▶ **What is required**:
Using the records below, give again exactly the lines from the line that contains "Виплату соціальних допомог" through the line that contains "Funny Bathroom Definition", both ends included, and only those.

▶ **Available data**:
[Start of section]
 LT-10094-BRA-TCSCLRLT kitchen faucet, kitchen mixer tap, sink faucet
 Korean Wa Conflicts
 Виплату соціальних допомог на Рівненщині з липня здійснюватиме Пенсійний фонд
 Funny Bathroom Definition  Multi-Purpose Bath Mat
[End of section]
[Start of section]
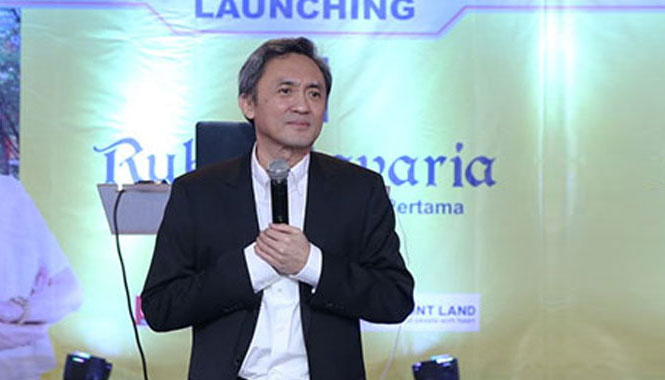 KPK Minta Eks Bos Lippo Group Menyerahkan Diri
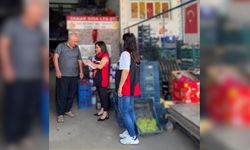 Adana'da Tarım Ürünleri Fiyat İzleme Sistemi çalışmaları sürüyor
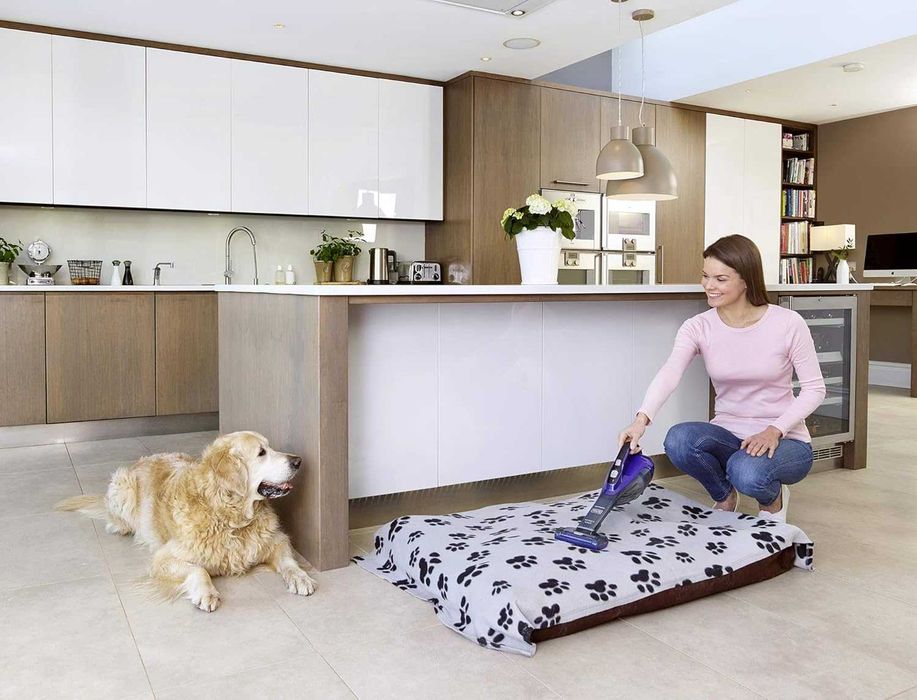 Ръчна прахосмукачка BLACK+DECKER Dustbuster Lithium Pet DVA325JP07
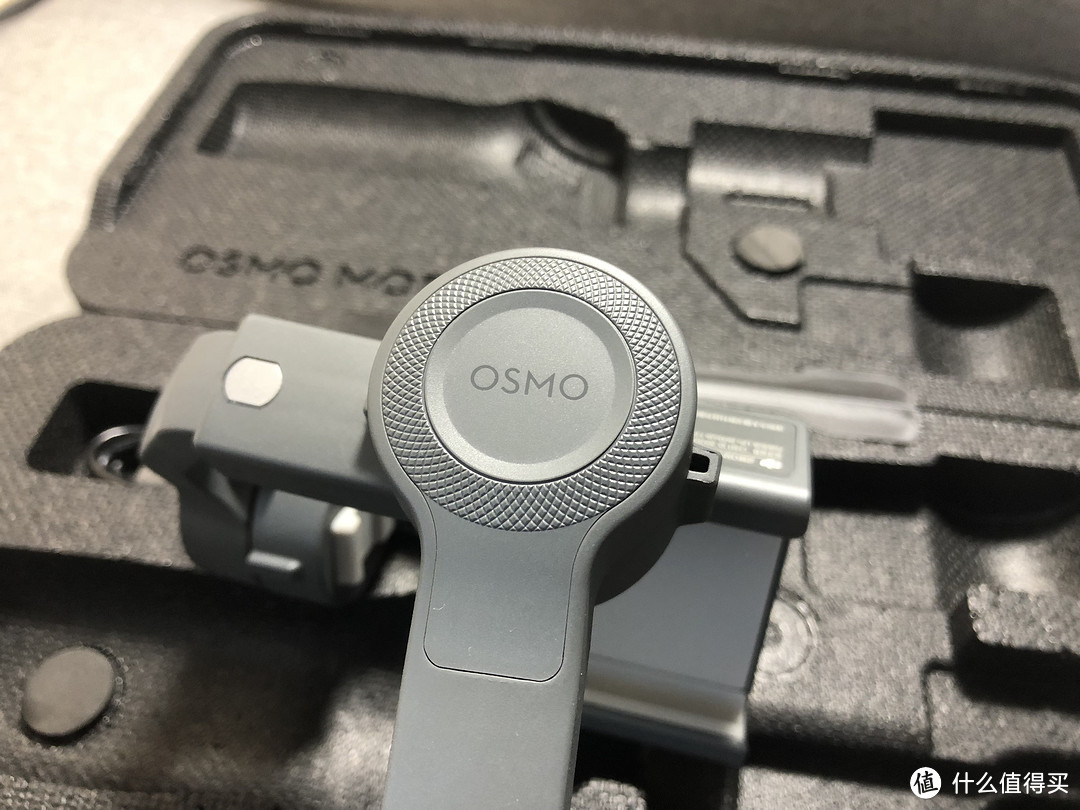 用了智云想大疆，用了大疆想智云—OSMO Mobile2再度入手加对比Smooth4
[End of section]
▶ **Answer box**:
 Виплату соціальних допомог на Рівненщині з липня здійснюватиме Пенсійний фонд
 Funny Bathroom Definition  Multi-Purpose Bath Mat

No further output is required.